Diskusi intelektual melalui zoom meeting ini menghadirkan narasumber dari ketua kajian isu strategis Korps Immawati DPP IMM, Tika Ibsanni.
Lebih lanjut, Moderator dalam kegiatan ini adalah koordinator regional Maluku-Papua Korps Immawati DPP IMM, Putri Y Kakanegi.
Ajak Kader Melek Isu Kesetaraan
Immawati Putri membuka diskusi dengan menjelaskan tujuan diskusi kali ini. Yakni agar kader IMM baik immawati maupun immawan bisa lebih melek atas isu kesetaraan gender, salah satunya perihal seksisme di ajang pemilu daerah.
Dalam pengantarnya, Immawati Tika menuturkan bahwa adanya fenomena ujaran seksisme dalam ajang debat pilkada selayaknya perlu diluruskan dengan pemahaman yang benar.
Dia kemudian menjelaskan sekilas mengenai dua macam seksisme yakni hostile sexism dan benevolent sexism.
Ia mengatakan jika hostile sexism yakni merepresentasikan antipati terhadap perempuan.

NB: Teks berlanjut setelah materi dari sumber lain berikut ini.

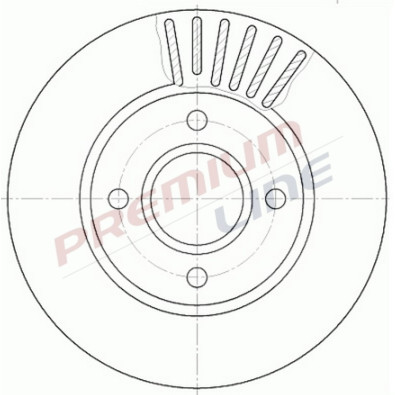 T24_COPPIA DISCHI FRENO DIAM 260 VENTILATO
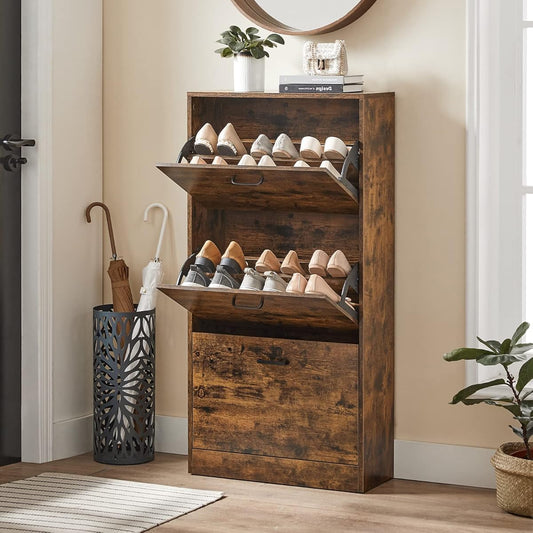 VASAGLE 3 Compartment Cabinet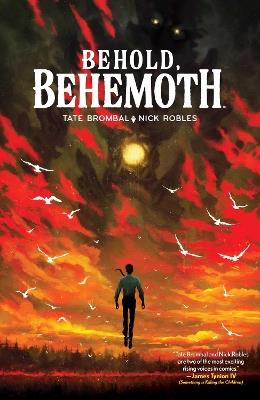 Behold, Behemoth - Tate Brombal - cover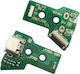 Πλακέτα Κυκλώματος Θύρας Φόρτισης Micro Usb Micro Usb Charging Port Circuit Pcb Board 1-982-708-11 Sony Playstation 4 Ps4 Dualshock 4 Χειριστήριο Jds-050 Jds-055 Zct2 12pin Κωδ.1-game236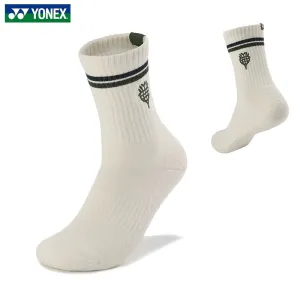 YONEX SPORT Women Socks 22-25cm 29215-200 WHITE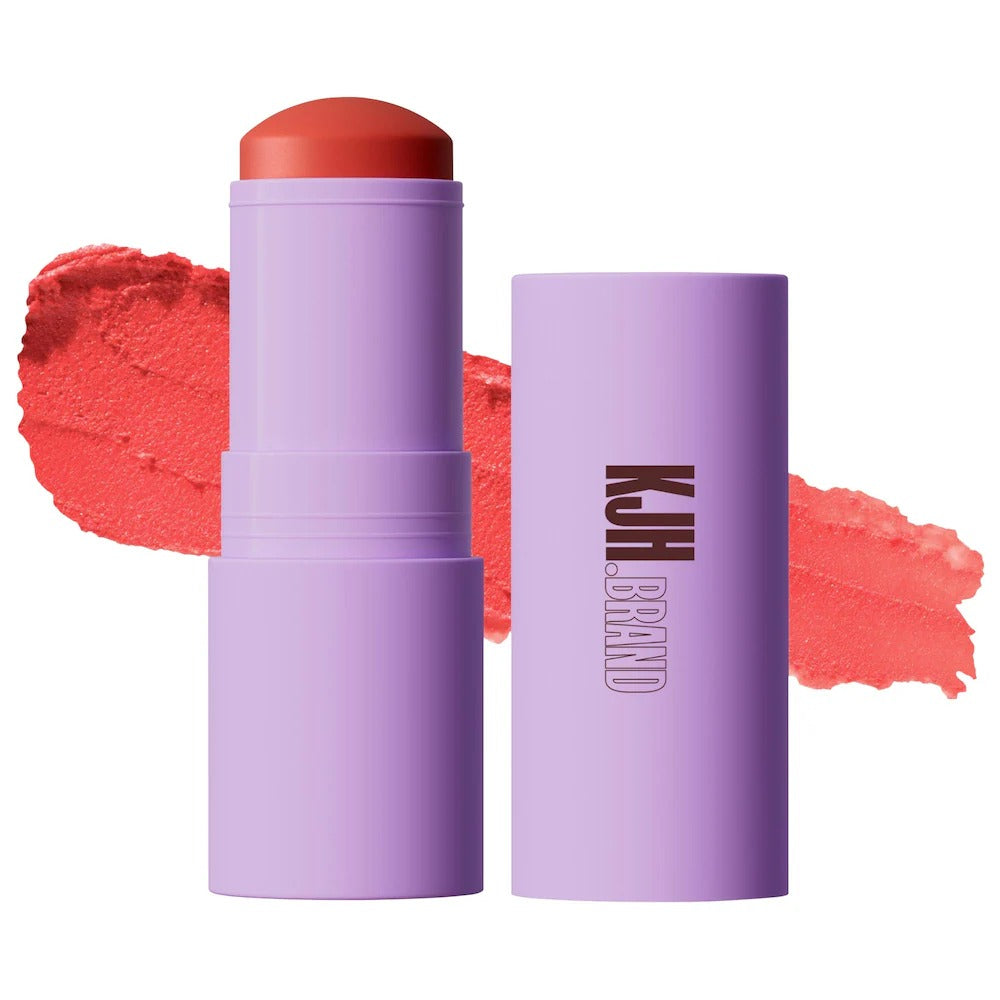 KJH.Brand Soft Smudge Lip & Cheek Multistick Soft Tomato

Sementara itu, benevolent sexism yakni sikap yang seolah-olah menghargai perempuan padahal sebaliknya.
Ia melanjutkan dengan penjelasan bahwa seksisme dalam politik tidak hanya berdampak pada perempuan saja, melainkan juga dapat menggerus kualitas demokrasi. Contohnya, debat kandidat jadi lebih condong pada aspek gender, daripada substansial kebijakan maupun program terkait.
Selain itu, kegiatan kali ini juga terwarnai dengan sesi tanya jawab antara partisipan dengan narasumber, yang mana pertanyaan yang muncul beragam mulai dari seksisme hingga upaya melawan seksisme.
Salah satu partisipan juga sedikit mempertanyakan perihal representasi perempuan yang belum mencapai 30 persen di ranah legislatif seperti DPR maupun DPRD.
“Hal yang secara tidak langsung juga terjadi di internal kita perihal pencalonan perempuan menjadi ketua umum cabang maupun daerah” ujar salah satu peserta. Namun seyogyanya, tambahnya, agar lebih mengupayakan atas keikutsertaan perempuan dalam dunia politik agar bisa mencapai kuota minimal tersebut.
Terakhir, Tika menutup pemaparannya dengan menghimbau kepada seluruh kader IMM, mulai dari pimpinan komisariat, cabang, daerah hingga pusat agar lebih memiliki nalar kritis. Khususnya dalam menyikapi kesetaraan gender baik melalui diskusi offline maupun online.